**Assigned task**
Could you transcribe exactly the lines below, from the line with "One more thing" through the line with "An important thing", and nothing else, leaving out the pictures?

**Exercise input**

####

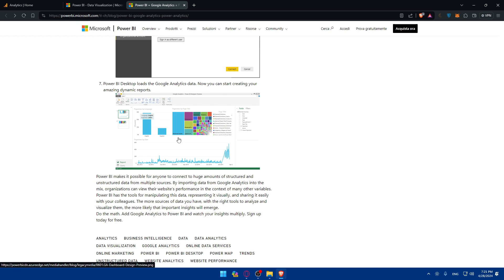So there you have it. By connecting Google Analytics to Power BI you can unlock the full potential of your website data and gain valuable insights. This will drive informed decision making. Leverage Power BI's robust analytics capabilities to visualize and analyze Google Analytics data in meaningful ways. Thank you for watching and I'll catch you in the next video, goodbye.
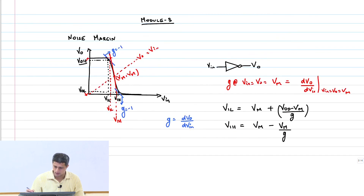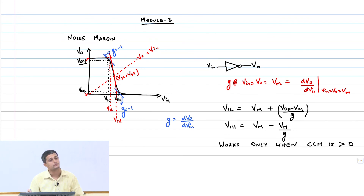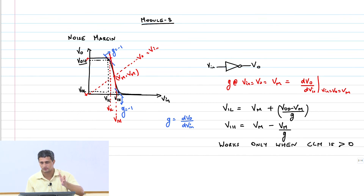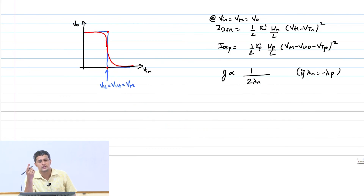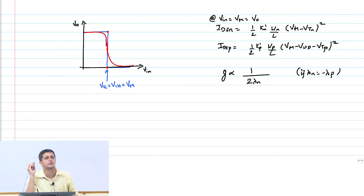The conclusion is that this approximation works only for a short channel device when channel length modulation (CLM) is greater than zero. When CLM is present, you get a finite slope at the trip point, you extrapolate, and it works reasonably well. But you cannot do this for a long channel device — that is the limitation. For a long channel inverter, luckily the current expressions are not as complex as for a short channel device, so we can evaluate the noise margins from first principles.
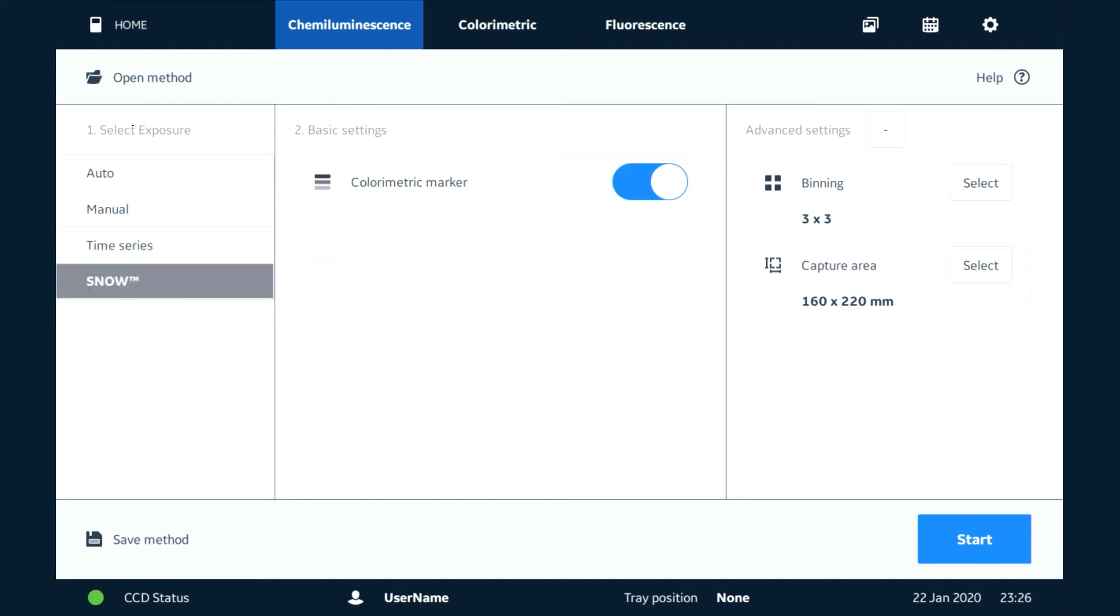There's another cool mode here which is called snow. With snow we're able to extend the dynamic range by minimizing noise in the system, and this is really a fully automated way of working with the system.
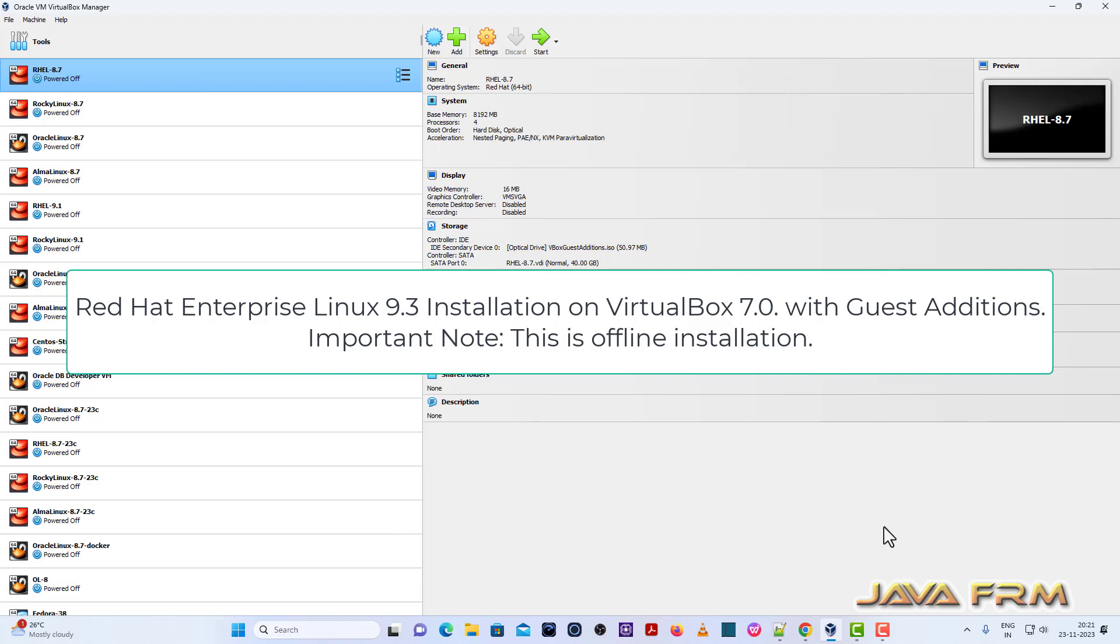Welcome to Java Forum. Now I'm going to show you how to install Red Hat Enterprise Linux 9.3 on VirtualBox 7.0.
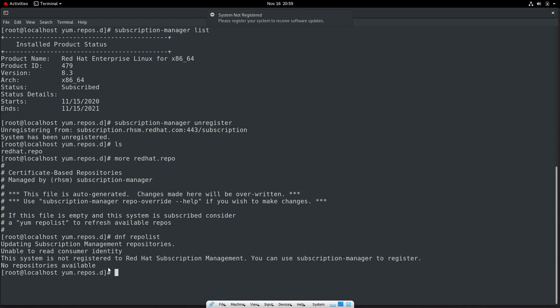One more thing — it is not always mandatory to register the system to use repositories. This is up to Red Hat and how they configure the system. You must know how to register the system in case you need to. This is all about this lecture.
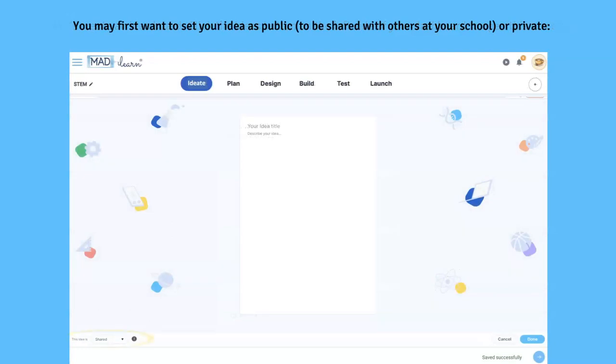You may first want to set your idea as public, to be shared with others at your school, or private, to be seen by only you and your collaborators.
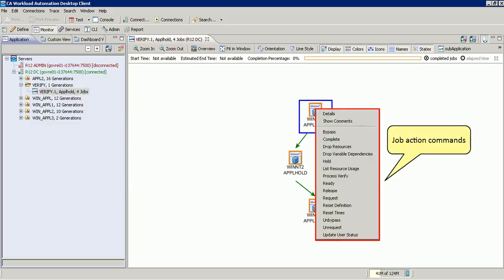Similarly, the action commands for a job are also displayed based on its state.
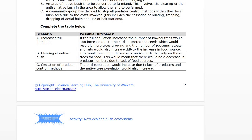Clearing of native bush: stripping back the forest is going to massively decrease the number of birds that can survive in that space because their food source is gone, and that will have an impact on predators. Cessation — meaning stopping — of predator control methods: you're going to see a massive decrease in the bird population. Cessation means stop. So if we stop predator control methods and we're not trying to bait and trap rats, possums, and stoats, all of those will go up and the impact on the bird population is that it will go down.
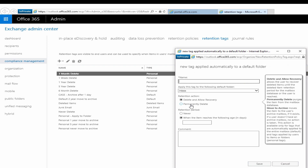An important thing to note is that, unlike the default policy tag and personal tag, the retention policy tag does not allow the move to archive action in the UI. You will need to use Remote PowerShell to enable that action.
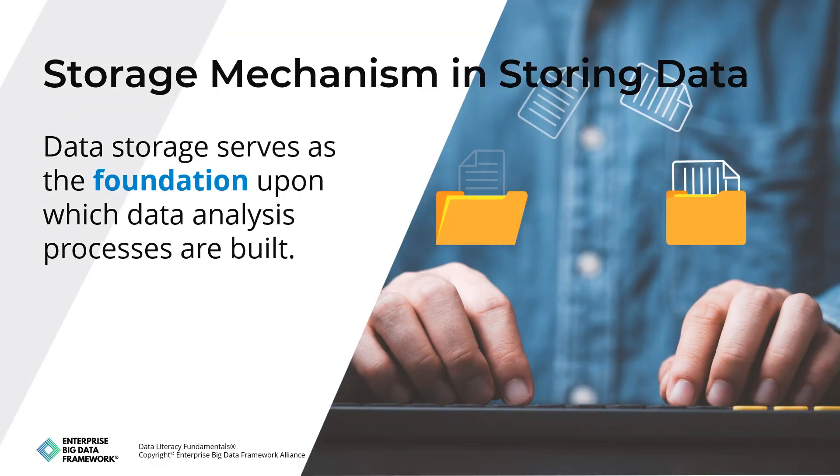To grasp the complexities of data analysis, it's essential to recognize that data needs to be stored effectively. Data storage serves as the foundation upon which data analysis processes are built. Without proper storage, accessing, managing, and analyzing data becomes challenging, if not impossible.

####

**Task result**
One more thing — it is not always mandatory to register the system to use repositories. This is up to Red Hat and how they configure the system. You must know how to register the system in case you need to. This is all about this lecture.
You may first want to set your idea as public, to be shared with others at your school, or private, to be seen by only you and your collaborators.
Similarly, the action commands for a job are also displayed based on its state.
Clearing of native bush: stripping back the forest is going to massively decrease the number of birds that can survive in that space because their food source is gone, and that will have an impact on predators. Cessation — meaning stopping — of predator control methods: you're going to see a massive decrease in the bird population. Cessation means stop. So if we stop predator control methods and we're not trying to bait and trap rats, possums, and stoats, all of those will go up and the impact on the bird population is that it will go down.
An important thing to note is that, unlike the default policy tag and personal tag, the retention policy tag does not allow the move to archive action in the UI. You will need to use Remote PowerShell to enable that action.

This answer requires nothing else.